User Experience and USB-C
July 24, 2025
A ring of USB adapters against a white background. They provide a variety of conversions between popular USB types.

Welcome to the July AV MSP newsletter!  I know it’s technically mid-to-late-July, but who’s keeping track?

A few upcoming AV MSP Things:

The Main Story

We mostly talk about security, processes around support, and other fun (boring) topics. We also do design work and are part of our customers’ decisions about what hardware to install, how to configure rooms, and have input on user interfaces. Let’s talk about the importance of good user experiences when it comes to physical interfaces. We in the tech industry tend to forget that we are designing for people who have a wide range of technical capabilities. These people are also heavily influenced and taught by the consumer technology they use when they’re not at work.

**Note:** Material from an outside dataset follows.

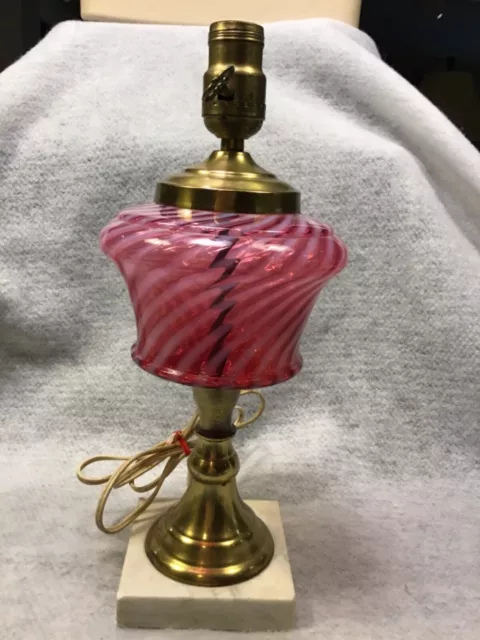 LG Wright / Fenton Glass  OPALESCENT CRANBERRY SWIRL Font Lamp Marble base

There’s this idea amongst users of the “magic connector.” We’re not sure if they call it that, but it’s what it seems like it does. This is also known as “plug and play.” Back in the day, a VGA connector got you onto the projection screen in the room. Plugging in HDMI gets you the same result. A network jack tends to give you some access to the internet if you have a spot for it. There are non-physical versions as well: connecting to Bluetooth has the expectation that you’ll either get some kind of control or be able to stream audio, depending on the devices.

The newest and supposedly easiest new magic connector is USB-C. It should give you video and audio, be able to give you some kind of peripheral like a camera, charge your devices, and sometimes even have network connectivity. This is born out of it being the now default on almost all new consumer electronics devices, at least those with some compute in them. Docking stations no longer use some weird port on the bottom to seat into a custom dock for it, they have a USB-C cable and you’re good.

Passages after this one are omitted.